Estes instrumentos são úteis, mas só o tempo dirá o seu nível de eficácia. Uma coisa é certa, a primeira etapa para a resolução deste problema de desigualdade salarial, passa por ter consciência que em Portugal é um problema sério, que perpassa todas as idades e classes sociais e até é mais grave dos executivos e nesse sentido o já mencionado artigo da Fundação Francisco Manuel dos Santos é elucidativo.

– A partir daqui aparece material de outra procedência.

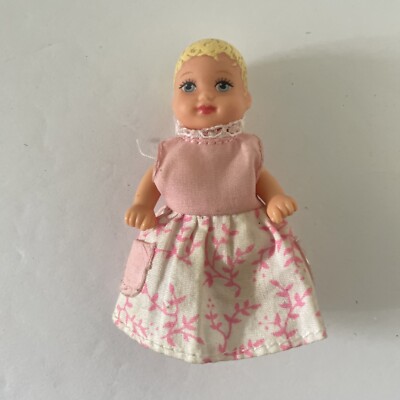 Mattel Krissy Barbie Doll Jointed in Pink Dress Blonde Hair Blue Eyes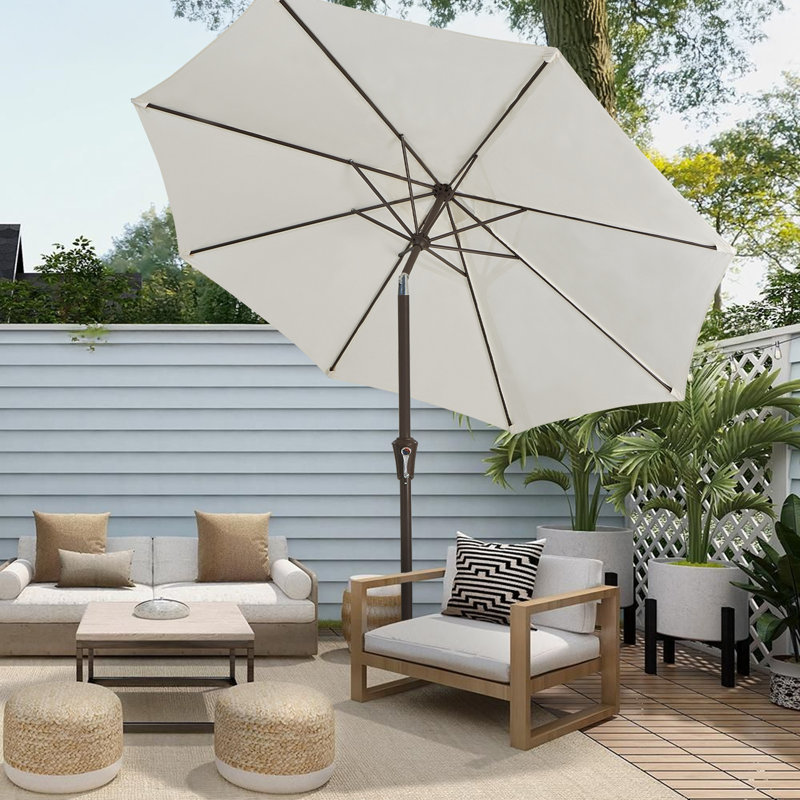 Parasol de marché inclinable Germar, Blanc cassé / blanc, H 95,7 po x l 120 po x P 120 po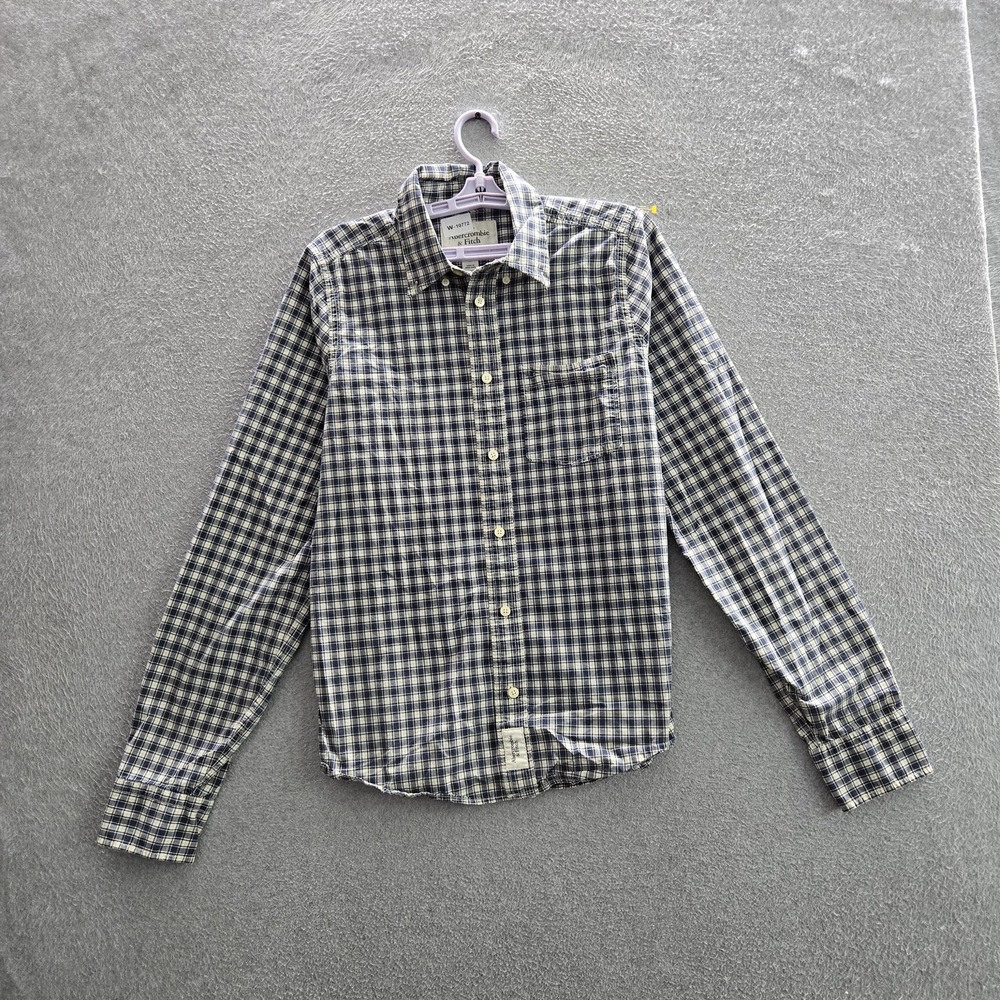 Abercrombie & Fitch Men Button Up Shirt L Blue Plaid Casual Shirt Muscle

Também em termos mundiais a situação não é brilhante, um estudo recente denominado “Women in the Workplace 2018 ” feito pela Mckinsey & Company em parceria com a LeanIn.Org conclui de apesar de as mulheres terem progredido nos estudos e na permanência do mundo laboral, ainda enfrentam discriminação de tratamento e tem muito mais dificuldade em aceder a posições de “management”. Sendo que essa discriminação surge logo nas primeiras contratações e nas promoções, as empresas têm que ter como prioridade combater esta desigualdade, o que deve ser feito logo nos primeiros anos de carreira. Ainda de acordo com este estudo as mulheres sofrem, para além do assédio e de serem muitas vezes as únicas em posições superiores, uma discriminação no dia-a- dia. Esta discriminação passa por vezes por comportamentos subtis como, por exemplo, assumirem que as mulheres têm uma posição mais júnior, demorarem mais tempo a reconhecer o valor e a competência de uma mulher ou as piadas de que são alvo. Sendo certo que estes pequenos atos, uns mais conscientes do que outros, são sinais claros de desrespeito e de discriminação e minam a progressão das mulheres.

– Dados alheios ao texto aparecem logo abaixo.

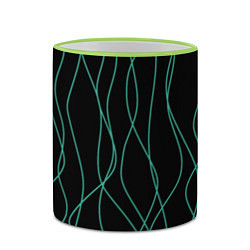 Кружка 3D Чёрный с линиями, цвет: 3D-светло-зеленый кант — фото 2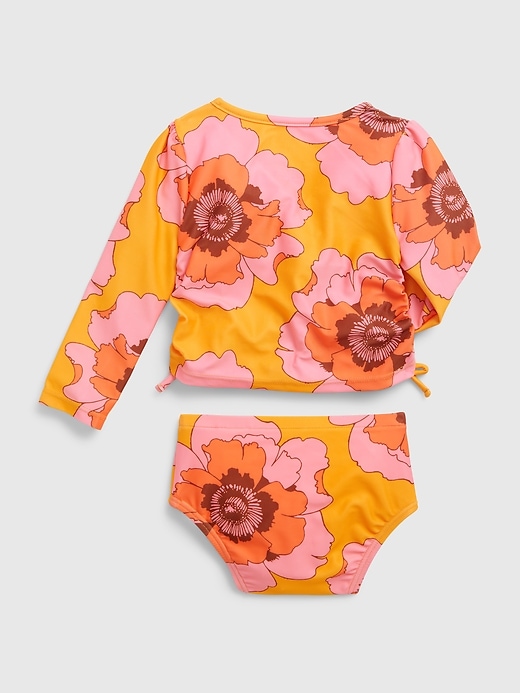 View large product image 2 of 3. Baby Recycled Floral Rash Guard Swim Two-Piece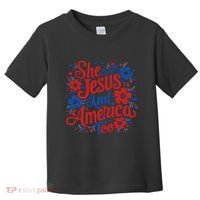 She Loves Jesus And America Too Toddler T-Shirt thumb 0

A este propósito não posso deixar de mencionar alguns exemplos recentes, mas muito reais, como o de uma amiga minha, que acompanha administrações de empresas de topo e que depois de uma apresentação, a qual foi unanimemente considerada excelente, lhe foi dito publicamente que “todas as suas apresentações seriam sempre muito boas porque ela era muito sexy”. Noutra ocasião, estava numa reunião com o administrador de uma empresa para discutir um caso de arbitragem importante e foi-me transmitido pelo departamento jurídico que tinham total confiança no meu trabalho, mas era
necessário levar um homem para a reunião por uma questão de credibilidade perante os administradores e assim fiz: levei um colega, que entrou mudo e saiu calado. Os exemplos caricatos e quase inverosímeis até de mulheres que dificultam a vida umas as outras podiam-se multiplicar…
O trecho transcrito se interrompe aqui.